**PROBLEM DETAILS:**
In the listing that follows, locate the line containing "Planam Canvas 320" and the line containing "sunrise in desert". Retype exactly those two lines and every line between them, and nothing more.

**RECORDS FOR PROCESSING:**
-- Opening Marker --

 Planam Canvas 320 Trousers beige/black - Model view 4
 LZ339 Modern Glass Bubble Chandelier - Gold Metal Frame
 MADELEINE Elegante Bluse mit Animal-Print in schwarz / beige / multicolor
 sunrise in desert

-- Closing Marker --
-- Opening Marker --

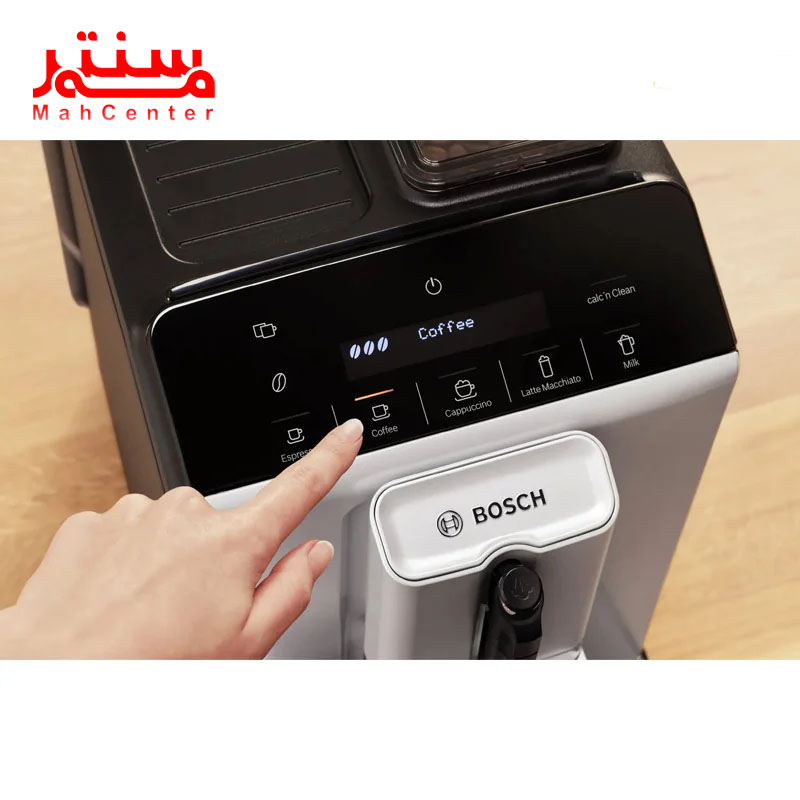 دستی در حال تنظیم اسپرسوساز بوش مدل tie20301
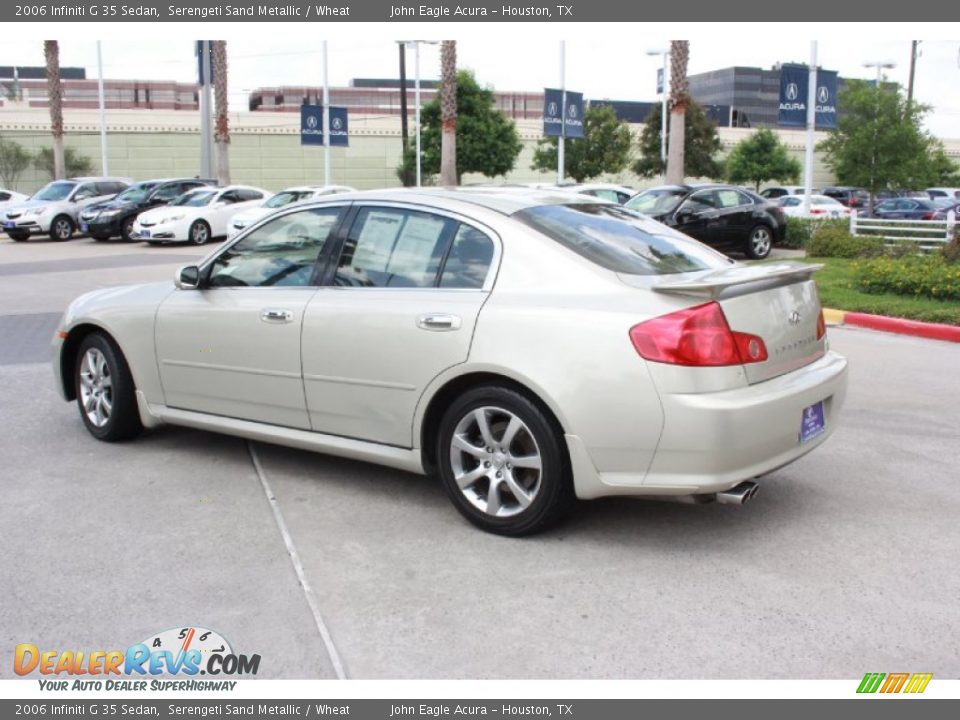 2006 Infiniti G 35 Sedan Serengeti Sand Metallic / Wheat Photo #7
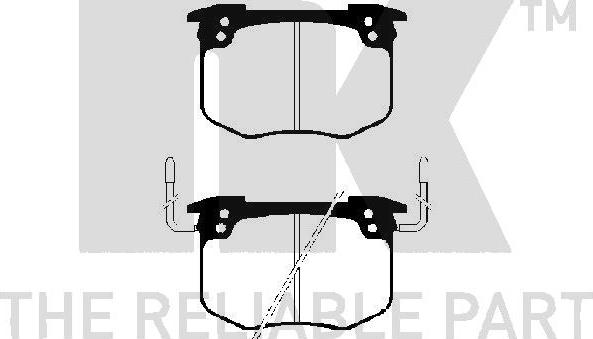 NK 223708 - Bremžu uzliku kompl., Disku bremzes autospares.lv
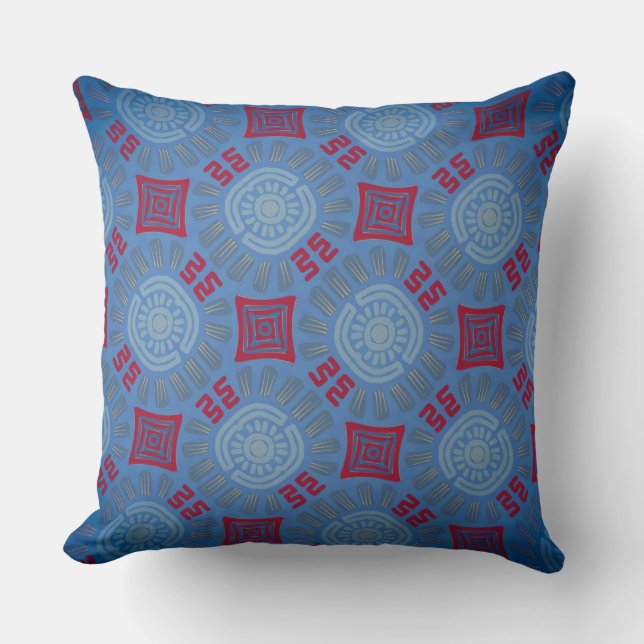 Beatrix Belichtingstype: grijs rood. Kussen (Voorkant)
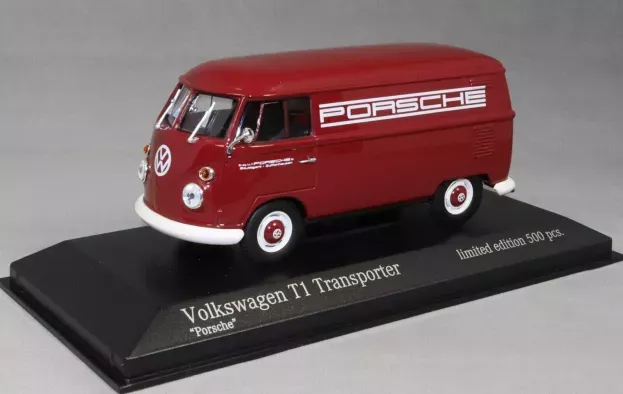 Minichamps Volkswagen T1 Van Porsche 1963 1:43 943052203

-- Closing Marker --

**OUTPUT FOR THIS EXERCISE:**
 Planam Canvas 320 Trousers beige/black - Model view 4
 LZ339 Modern Glass Bubble Chandelier - Gold Metal Frame
 MADELEINE Elegante Bluse mit Animal-Print in schwarz / beige / multicolor
 sunrise in desert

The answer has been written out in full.